When I started milling I was recommended a book called "value added lumber" (or something of the sort) I could get you the exact title and author after I get home from work if you want it. Where i am going with this is the book outlines many steps along the journey between trees and final lumber product that adds value to the wood. The biggest increase in value comes from drying the wood. It can make up to 60% of the total value. The other 40% comes in small bits from logging, milling, processing, and marketing. The manner in which you mill, and market make up the bulk of the remaining value after drying. The processing is the over head that Kevin was referring to. (storage is also an overhead expense) In the end the raw material (trees) make up the smallest percent of value to the lumber and that is why you got an estimate of $2000 for the trees and $25,000 for the finished value of the wood (a whopping 8%) 

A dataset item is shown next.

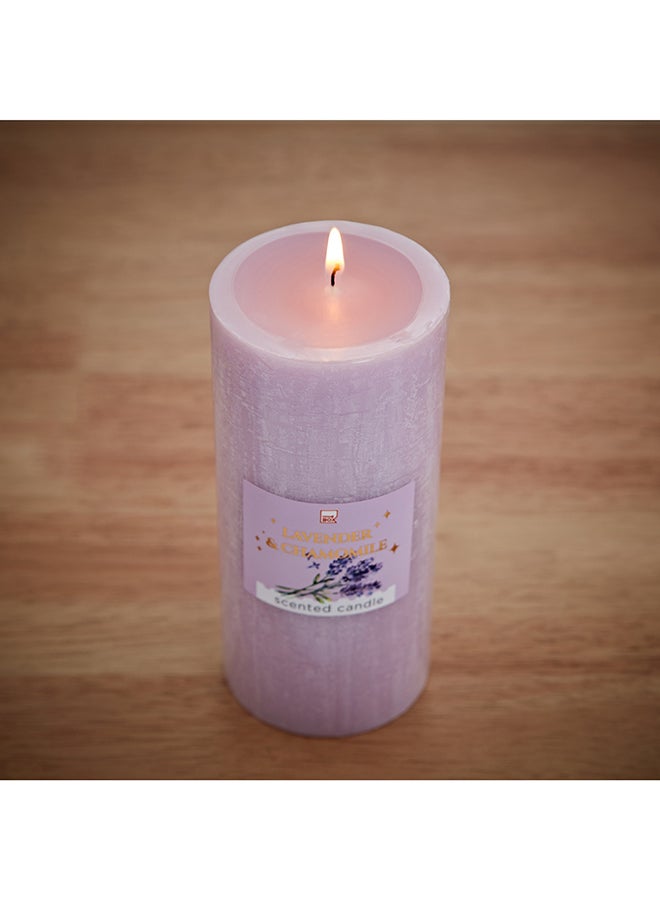 Home Box Qara Lavender Chamomile Pillar Candle 6.8 x 15 x 6.8 cm - Image 3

The book above that I mentioned is all the knowledge that the average Black Walnut owner is missing and is the chief reason that they think their trees are worth gold. I often wish I could smack them upside the head with that book and all the knowledge would transfer to them so they come to their senses.

Reactions: Like 1 | Great Post 2 | Informative 2


----------



## Graybeard (Jul 8, 2014)

Thanks for the information. I look forward to getting the name of the book. I know very few people that realize what's involved in the production of a board. People constantly tell me, I'll bet you made a fortune, that walnut is really valuable. Are you going to harvest the stump? They're gold. Ya right, have you ever dug out a stump, cleaned it up and tried to saw it up. That's why in part it's so darn valuable. Same with crotch wood. I've got tons of crotch wood in the woods but am not going to buy a tractor with a loader to get it out, then have it milled, then build a shed to dry it etc. It breaks my heart to leave it lay but I'm 70 years young and mowing the grass is a major job these days.

Thanks again.

Graybeard

Reactions: Like 2


----------



## Treecycle Hardwoods (Jul 8, 2014)

Here us the book I was referring to earlier


----------



## Kevin (Jul 8, 2014)

Was it perhaps myself or Daren who suggested that back then Greg? It's one of or maybe the first book I bought also when I started in milling. I ended up not really needing it but it still chock full of great info.


----------



## Treecycle Hardwoods (Jul 8, 2014)

It was likely one if not both of you guys. I have a good 6-8 books I bought in the early days of the mill. All helpful several I have read twice and referenced many times


----------



## Kevin (Jul 8, 2014)

Kevin said:


> I ended up not really needing it but it still chock full of great info



To clarify why I did not really need it, only because I never really did saw for grade to any amount.


----------



## Treecycle Hardwoods (Jul 8, 2014)

This one here talks a lot about sawing for grade. I have read. Reread. And referenced this one more than any other book. Had it sitting by the mill daily back in the day.


----------



## Kevin (Jul 8, 2014)

Woodmizer and Norwood used to send that book out with their mills - might still do it. It came with my LM 2000 - you're right it's a great book.

Reactions: Like 1


----------



## Treecycle Hardwoods (Jul 8, 2014)

Denig was a professor at the University of Wisconsin at one point in the forestry department he still may be I'm not sure. We are lucky to have the level of talented people in our local universities


----------



## JR Parks (Jul 30, 2014)

Thanks for the discussion guys!


----------